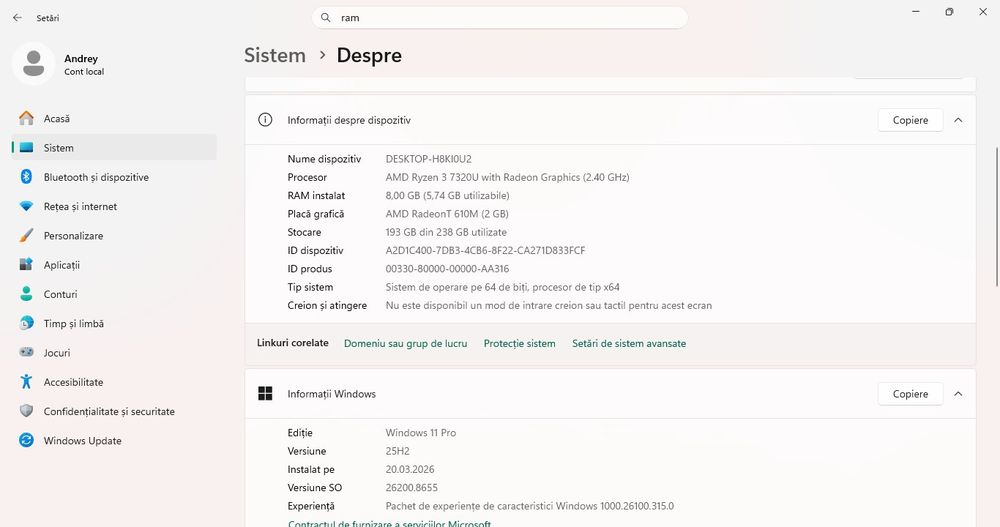 Laptop Lenovo ieftin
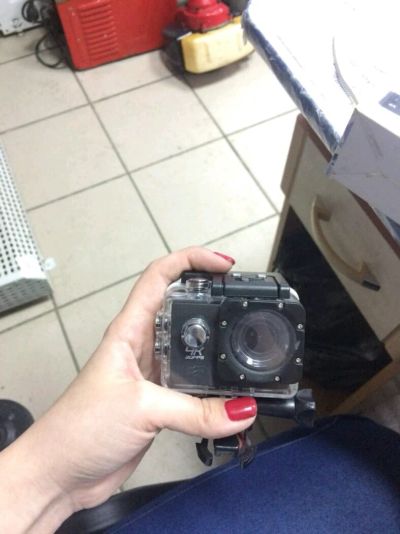 Лот: 11256800. Фото: 1. Экшн камера. Экшн камеры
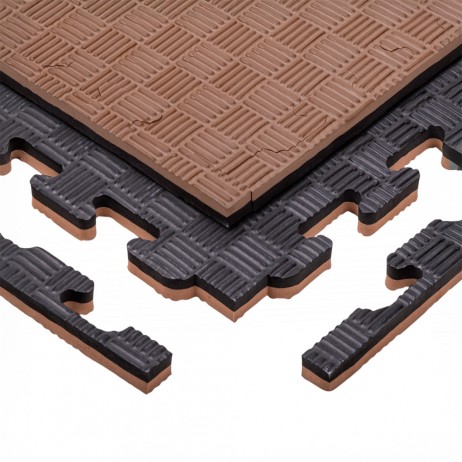 Saltea Puzzle Tatami inSPORTline Sazegul 100 x 100 x 2 cm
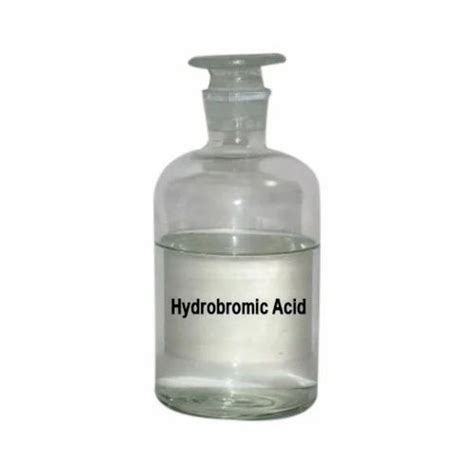 Liquid Hydrobromic Acid For Industrial At Rs Kg In Vadodara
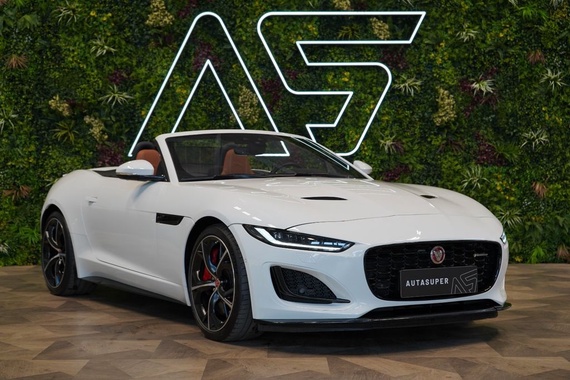 Jaguar F-TYPE 2022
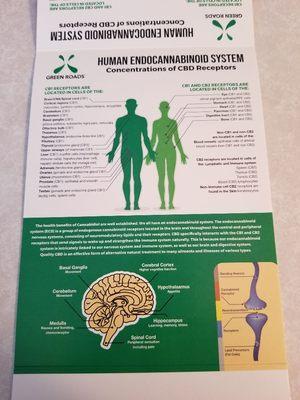 Pharmaceutical grade CBD Products.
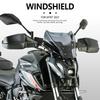 Для YAMAHA MT07 MT-07 MT 07 2021-2024 Мотоцикла Передний Спойлер Ветрового Стекла Ветровик Обтекатель Козырек Ветрозащитный Дефлектор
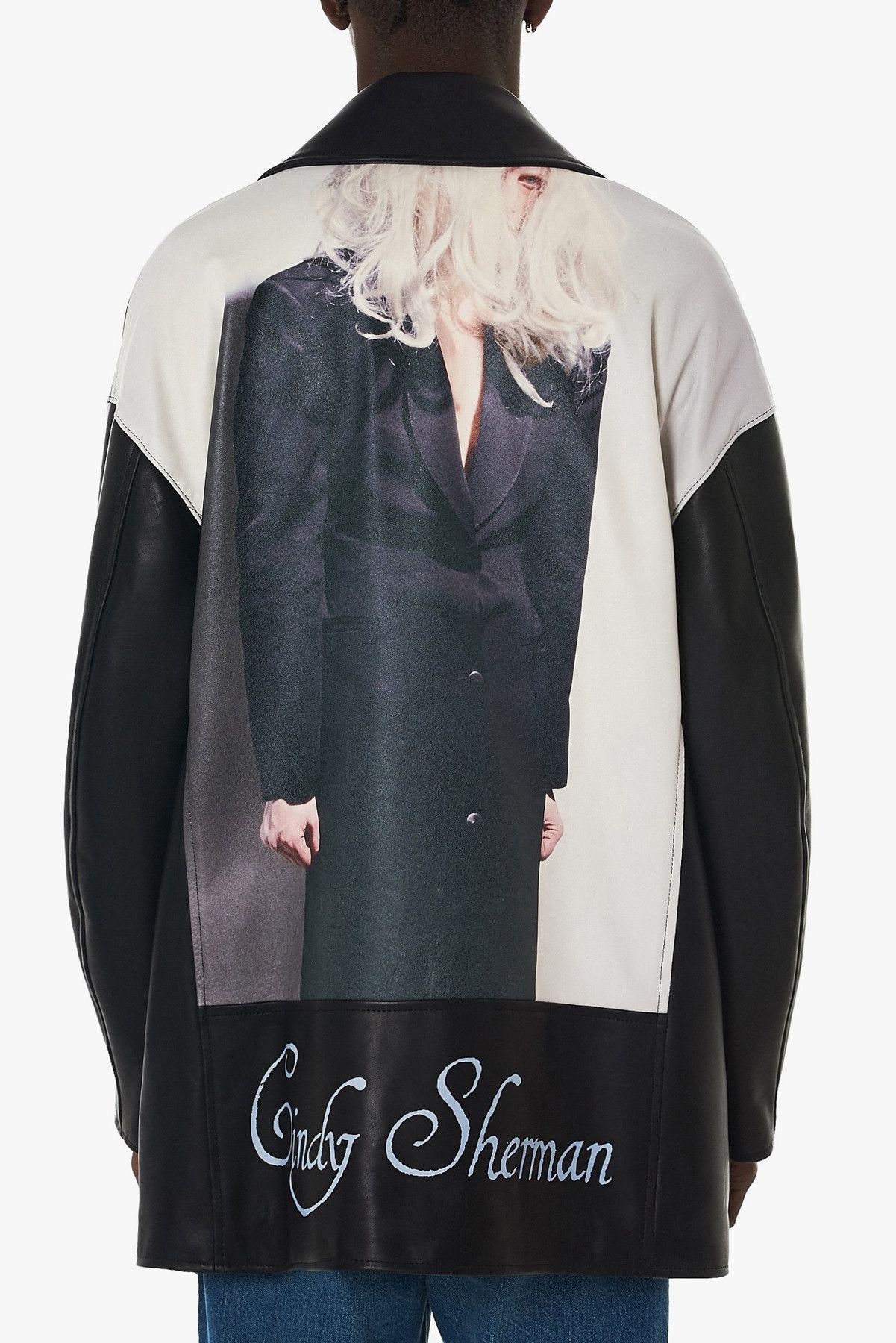 Undercover BNWT SS18 UNDERCOVER x CINDY SHERMAN BIKER LEATHER JACKET 2 Size US M / EU 48-50 / 2 - 1 Thumbnail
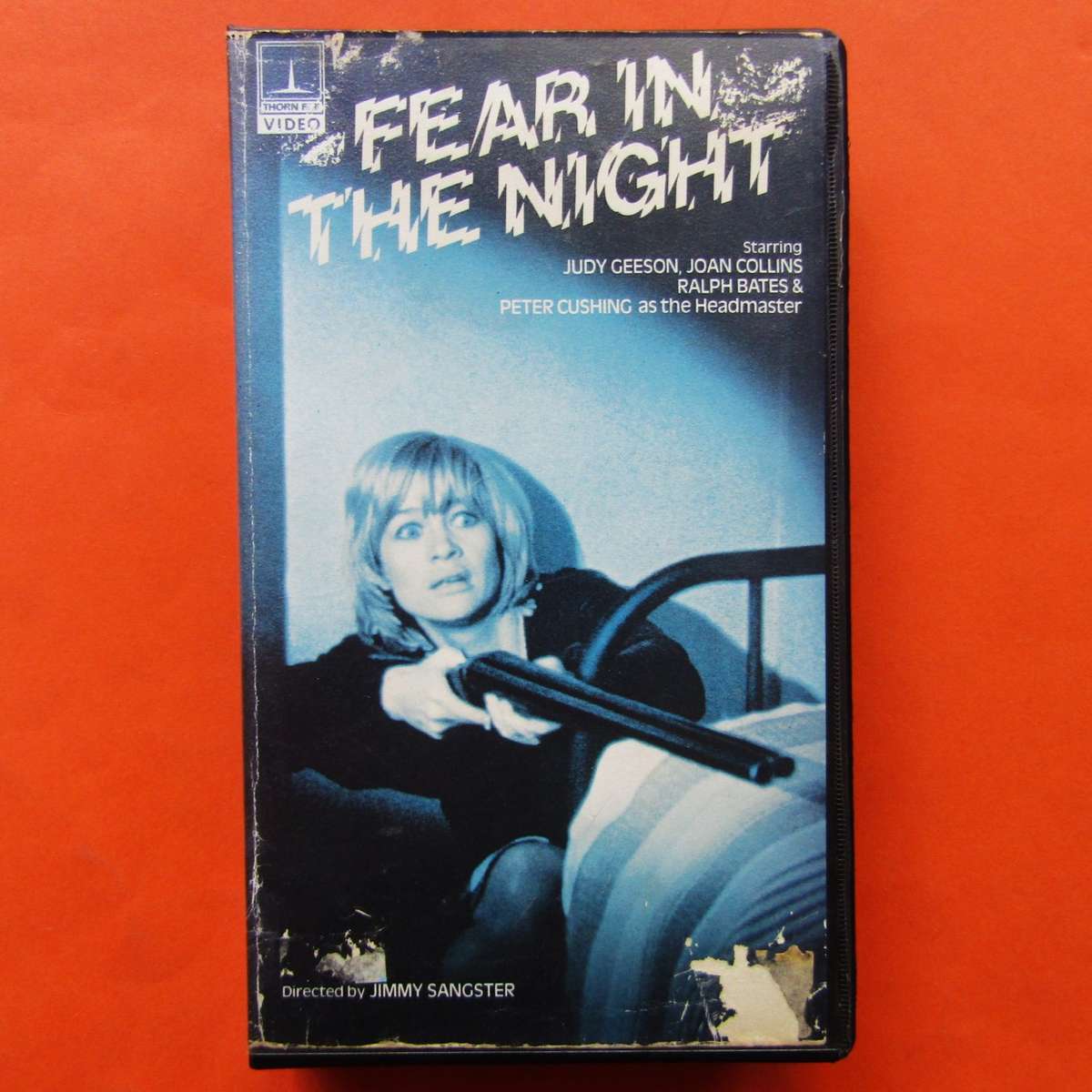 Fear in the Night - Joan Collins - Horror Movie VHS Tape (1972)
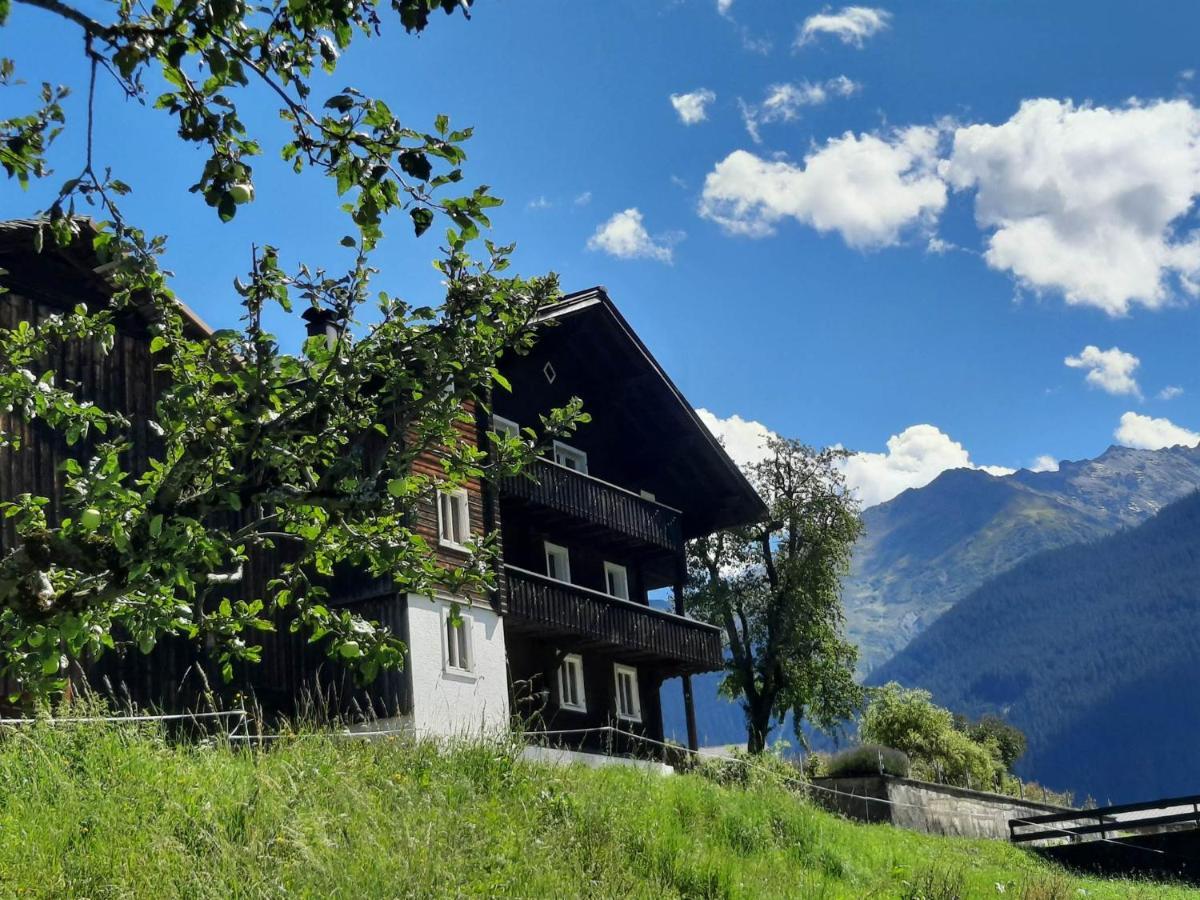 Hus 172 Villa Gaschurn Eksteriør bilde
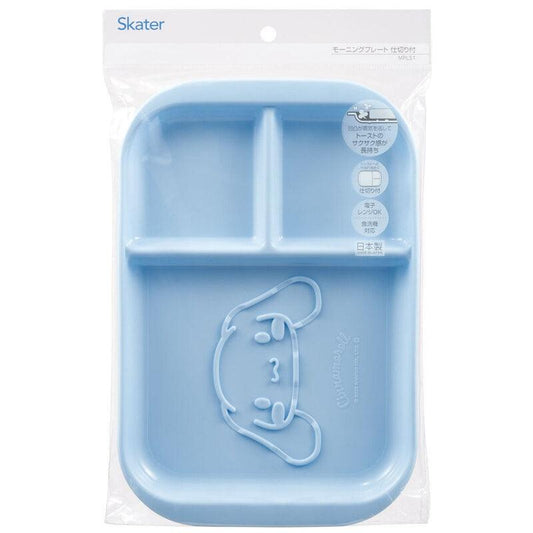 Plate (for breakfast /with dividers /CINNAMOROLL) - ECI Online store│One dollar 100 yen shop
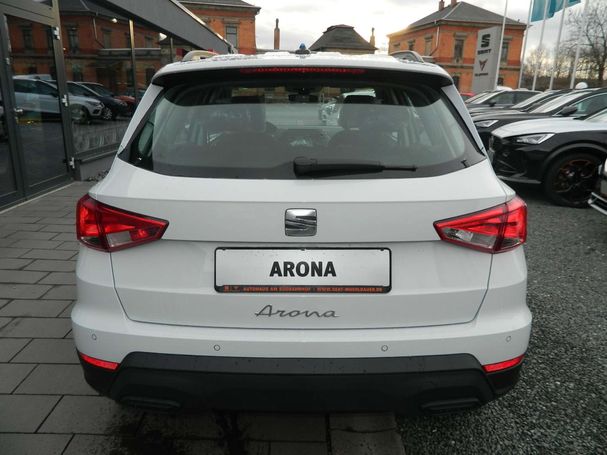 Seat Arona 1.0 TSI DSG Style 81 kW image number 4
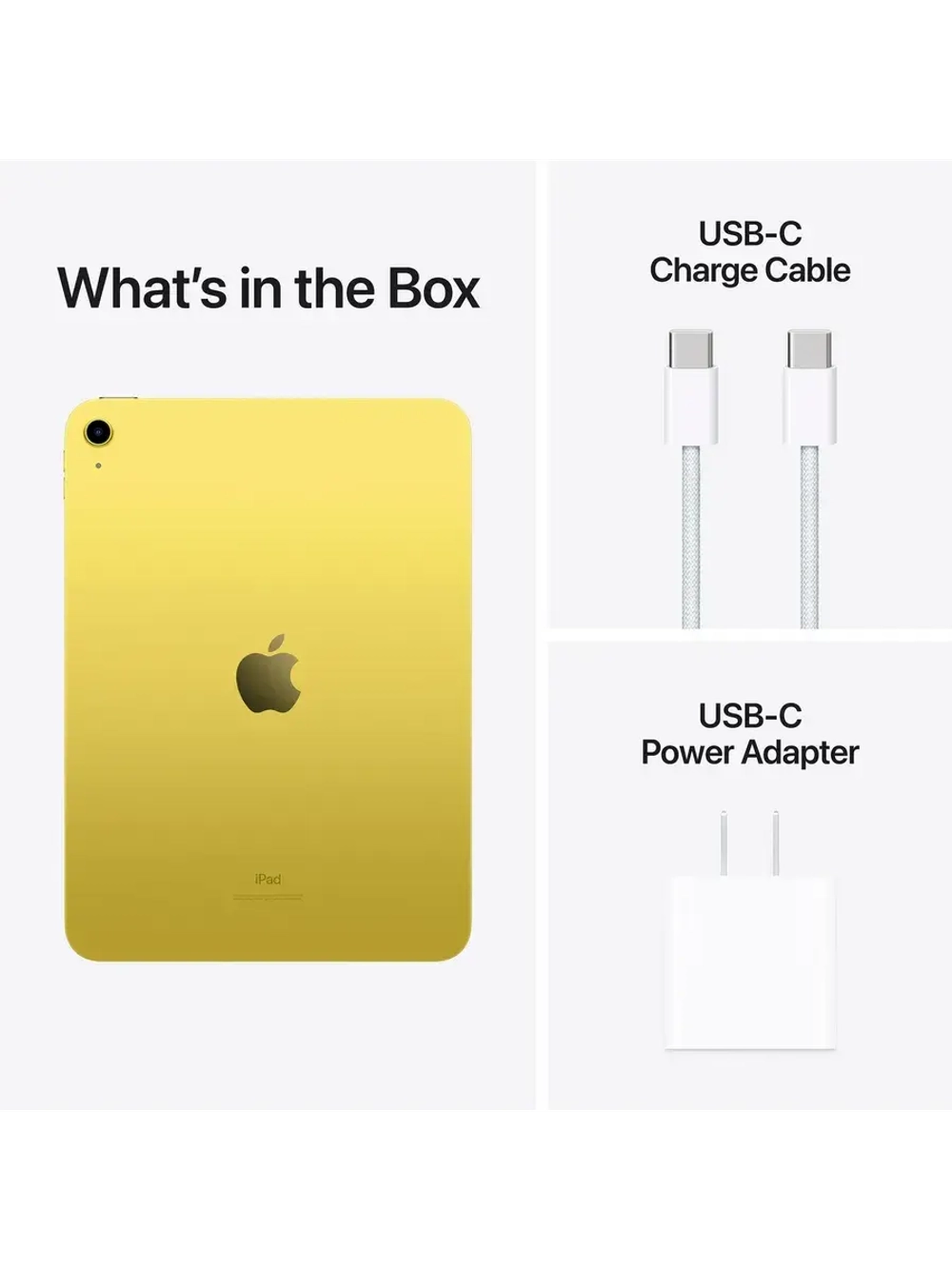 Apple iPad 10 (2022) Wi-Fi, 64gb, Yellow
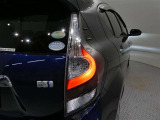 LEDテールライトです。省電力、高輝度のLEDは明るく照らすので夜間運転時の視認性を高めます。スタイリッシュな見た目で細かいところもこだわりたいあなたに!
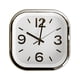 thumbnail image 1 of Reloj Análogo de Pared Cuadrado Plástico rosa, 1 of 9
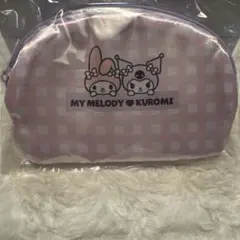 モスバーガー　マイメロデイクロミポーチ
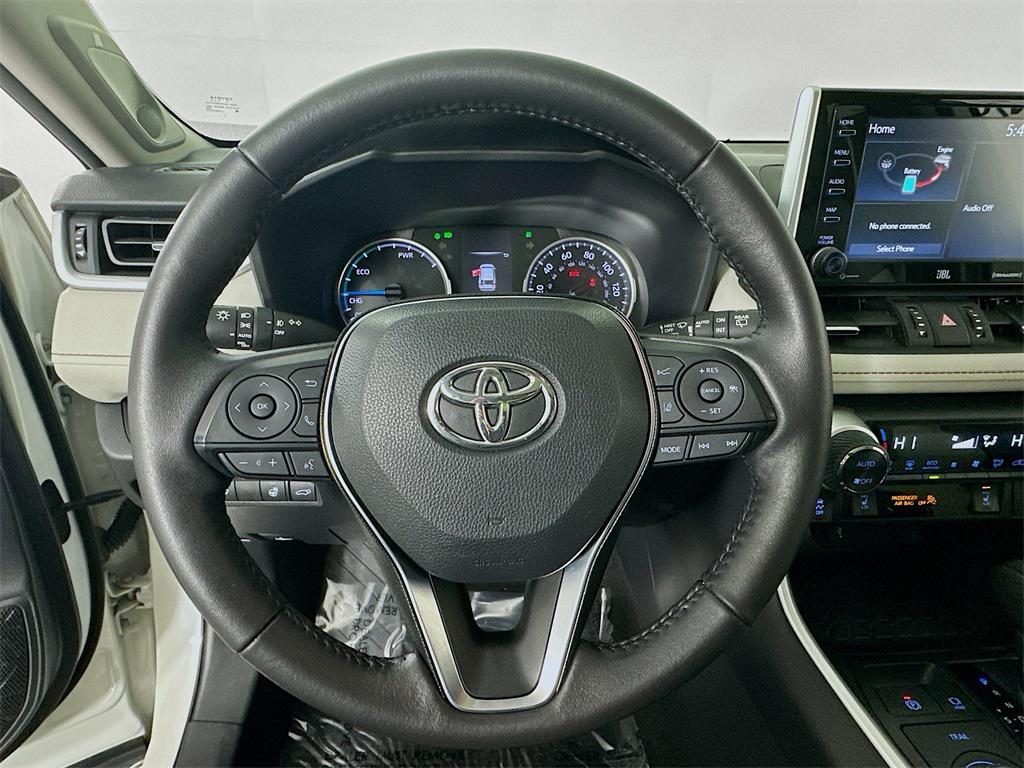 used 2021 Toyota RAV4 Hybrid car, priced at $29,490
--------------------------------
[WHAT TO WORK ON] Exactly the lines from the one that contains "Для YAMAHA MT07" through the last line of the records should be set down, and the pictures should be dropped.

[COMPLETED EXERCISE]
 Для YAMAHA MT07 MT-07 MT 07 2021-2024 Мотоцикла Передний Спойлер Ветрового Стекла Ветровик Обтекатель Козырек Ветрозащитный Дефлектор
 Undercover BNWT SS18 UNDERCOVER x CINDY SHERMAN BIKER LEATHER JACKET 2 Size US M / EU 48-50 / 2 - 1 Thumbnail
 Fear in the Night - Joan Collins - Horror Movie VHS Tape (1972)
 Hus 172 Villa Gaschurn Eksteriør bilde
 Plate (for breakfast /with dividers /CINNAMOROLL) - ECI Online store│One dollar 100 yen shop
 Seat Arona 1.0 TSI DSG Style 81 kW image number 4
 Apple iPad 10 (2022) Wi-Fi, 64gb, Yellow
 LEDテールライトです。省電力、高輝度のLEDは明るく照らすので夜間運転時の視認性を高めます。スタイリッシュな見た目で細かいところもこだわりたいあなたに!
 thumbnail image 1 of Reloj Análogo de Pared Cuadrado Plástico rosa, 1 of 9
 モスバーガー　マイメロデイクロミポーチ
 used 2021 Toyota RAV4 Hybrid car, priced at $29,490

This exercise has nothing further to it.